Precisamente, Elizabeth trabajaba también de camarera de bar en un hotel de Bávaro, en Punta Cana. «Estuve cuatro años empleada y solían venir muchos turistas, uno de ellos fue un gallego que se convirtió en mi novio y fue el motivo de que yo esté aquí», relata. Otra cuestión puramente económica es que su sueldo apenas alcanzaba los 150 euros (al cambio) cada mes. Hizo estudios de bachillerato y realizó un curso de hostelería.

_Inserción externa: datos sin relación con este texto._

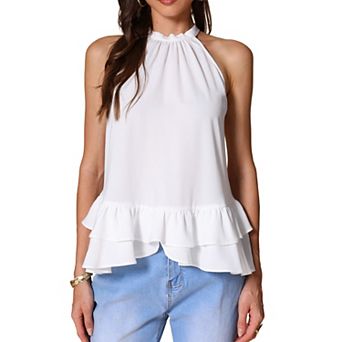 Halterneck Peplum Top for Women's Sleeveless Blouse Tops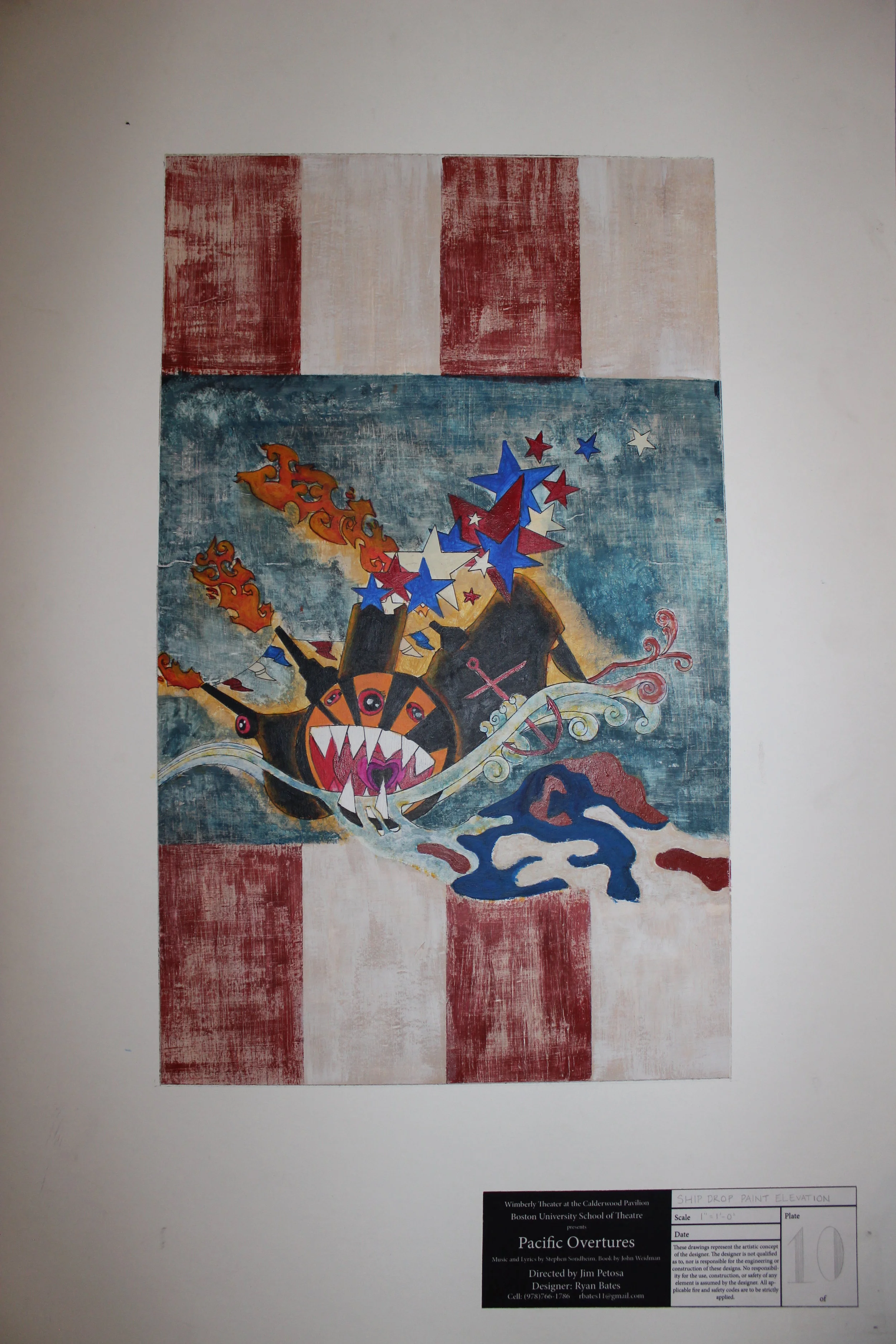   Paint Elevation - “Four Black Dragons” Drop   for Pacific Overtures | Boston University School of Theatre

Es madre de tres niñas, de 3, 8 y 14 años. La mayor estudia primero de bachillerato. Las ha dejado al cuidado de su madre. «Todos los meses les envío 300 euros para la manutención de mis hijas>. También suele mantener contacto con ellas casi a diario a través de Internet. Dice que pertenece a una familia de cinco hermanos (dos estudian, uno trabaja de chófer de autobús y una hermana es ama de casa). Ninguno de ellos ha venido a España y duda que pueda cursarles una invitación para que lo hagan.
Con respecto a su actual trabajo, señala que tiene un horario de ocho horas y que lo alterna cada semana, entre mañana y tarde. Asegura sentirse muy a gusto, aunque estuvo tentada a probar fortuna en Barcelona, donde reside una prima suya. Incluso viajó a la capital catalana, pero no le convenció el sistema de vida y regresó a Vigo para continuar detrás de la barra del bar donde trabaja. Es una mileurista y, para los tiempos que corren, confiesa sentirse bien pagada. Aparte del buen trato que le dispensa su jefe. «Lo que suelo hacer cada día es servir cafés y todo tipo de bebidas, además de aperitivos, lo típico en estos negocios», dice.
Por el momento, no se plantea lo que hará en el futuro. «Lo único que me preocupa es el porvenir de mis hijas», afirma.